ECC vs non-ECC RAM and ZFS

Status
Not open for further replies.

nullfork

Cadet
Joined
Feb 25, 2014
Messages
5
Fair enough guys, all good points. I think my major failing was not realising that ZFS will detect a hash mismatch on a READ and then WRITE to fix it (or at least think it's fixed it). Taking that into account I can see how my proposal is flawed.

To be honest the end game with my suggestion was two fold; firstly to get a warning that you need to replace your RAM, and secondly to identify which particular file(s) are broken. I suppose if there was a way to just READ the file from disk without having ZFS do a hash check/fixup, then at least you could actually REALLY compare some hashes without ZFS stomping over the file system. It's also a shame that doing a complete RAM test is such an invasive procedure. If it could be done in userland along side a running NFS then that would be beneficial also.

FYI I'm not bothered about saving cash, I was just thinking about a way to give the thousands of non-ECC users out there an early warning. Personally I will be investing in ECC as soon as I've decided on the motherboard.
 

cyberjock

Inactive Account
Joined
Mar 25, 2012
Messages
19,526
Fair enough guys, all good points. I think my major failing was not realising that ZFS will detect a hash mismatch on a READ and then WRITE to fix it (or at least think it's fixed it). Taking that into account I can see how my proposal is flawed.
Good. Too many people really just don't "get" how ECC RAM is better. And the price is a bit higher, so if they can't perceive the difference, then they won't spend the extra money.

To be honest the end game with my suggestion was two fold; firstly to get a warning that you need to replace your RAM, and secondly to identify which particular file(s) are broken. I suppose if there was a way to just READ the file from disk without having ZFS do a hash check/fixup, then at least you could actually REALLY compare some hashes without ZFS stomping over the file system. It's also a shame that doing a complete RAM test is such an invasive procedure. If it could be done in userland along side a running NFS then that would be beneficial also.
In fact, even if you mount a pool as read-only, ZFS will still fix problems it finds because its considered part of it's self-healing and not a condition where you are adding more transactions to the pool. I actually learned this first-hand. ;)


FYI I'm not bothered about saving cash, I was just thinking about a way to give the thousands of non-ECC users out there an early warning. Personally I will be investing in ECC as soon as I've decided on the motherboard.
I think that one of the reasons why it so hard to argue for the extra money is because too many people go with non-ECC RAM in their desktops and when things go bad they blame Windows. Everyone blames Windows for everything. On more than one occasion I've proved to friends(some that have degrees or certifications in this stuff).

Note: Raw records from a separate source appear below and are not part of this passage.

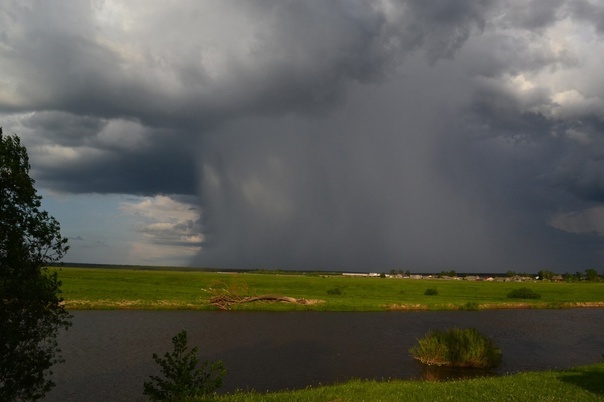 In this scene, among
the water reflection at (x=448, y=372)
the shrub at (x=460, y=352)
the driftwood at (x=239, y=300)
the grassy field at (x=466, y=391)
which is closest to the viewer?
the grassy field at (x=466, y=391)

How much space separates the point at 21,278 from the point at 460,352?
29.6 meters

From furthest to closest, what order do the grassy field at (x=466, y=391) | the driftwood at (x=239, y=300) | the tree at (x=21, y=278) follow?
the driftwood at (x=239, y=300), the grassy field at (x=466, y=391), the tree at (x=21, y=278)

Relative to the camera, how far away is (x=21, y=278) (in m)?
13.7

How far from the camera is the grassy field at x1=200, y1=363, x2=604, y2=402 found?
1756 cm

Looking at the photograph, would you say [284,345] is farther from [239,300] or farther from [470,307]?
[470,307]

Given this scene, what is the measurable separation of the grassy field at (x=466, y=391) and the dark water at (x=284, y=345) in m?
7.03

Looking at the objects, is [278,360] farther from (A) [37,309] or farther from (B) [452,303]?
(B) [452,303]

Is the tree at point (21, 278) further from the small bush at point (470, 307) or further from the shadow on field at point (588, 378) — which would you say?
the small bush at point (470, 307)

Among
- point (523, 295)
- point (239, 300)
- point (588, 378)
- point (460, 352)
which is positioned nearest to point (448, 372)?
point (460, 352)

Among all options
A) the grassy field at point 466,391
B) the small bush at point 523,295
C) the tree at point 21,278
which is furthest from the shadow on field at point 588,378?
the small bush at point 523,295

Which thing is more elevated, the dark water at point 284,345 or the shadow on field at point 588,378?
the shadow on field at point 588,378

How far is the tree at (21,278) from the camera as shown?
13492mm

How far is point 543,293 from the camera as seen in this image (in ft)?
370

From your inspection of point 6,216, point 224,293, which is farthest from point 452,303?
point 6,216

Every time I've used a machine with bad RAM, the OS ended up trashed in the process. Why you'd expect less than that with ZFS is somewhat beyond me. Still others have never had a stick of RAM fail. I personally saw my first stick in 2005, then a second one in 2008, and then 2 more sticks in 2012. Up until 2005 I had a low tolerance for people claiming they'd seen large numbers(sometimes double-digit) sticks of RAM. In 2005 I worked in the military at a command that had over 1000 computers. We had 1 stick of RAM fail in those 1000 machines for the 3 years I was there. Finding the first stick of RAM that I could prove was *actually* bad RAM was like finding a pot of gold. For the previous 10 years I had never found one.

Even recently a friend mailed me a stick of bad RAM so I could do some ZFS experiments with it. Well, it got here and I wanted to see how bad the RAM was. I did almost 20 passes with memtest and never had an error. Just from my experience, I think that failed RAM is far far less frequent than many people realize. RAM tests can fail for other reasons too, and I think too many people aren't realizing this very simple fact. I really have to wonder how many sticks of RAM that are RMA'd really are bad. If I had to guess based on what I've seen, I'd guess less than 25%, and probably less than 10%.
 

nullfork

Cadet
Joined
Feb 25, 2014
Messages
5
Even recently a friend mailed me a stick of bad RAM so I could do some ZFS experiments with it. Well, it got here and I wanted to see how bad the RAM was. I did almost 20 passes with memtest and never had an error. Just from my experience, I think that failed RAM is far far less frequent than many people realize. RAM tests can fail for other reasons too, and I think too many people aren't realizing this very simple fact. I really have to wonder how many sticks of RAM that are RMA'd really are bad. If I had to guess based on what I've seen, I'd guess less than 25%, and probably less than 10%.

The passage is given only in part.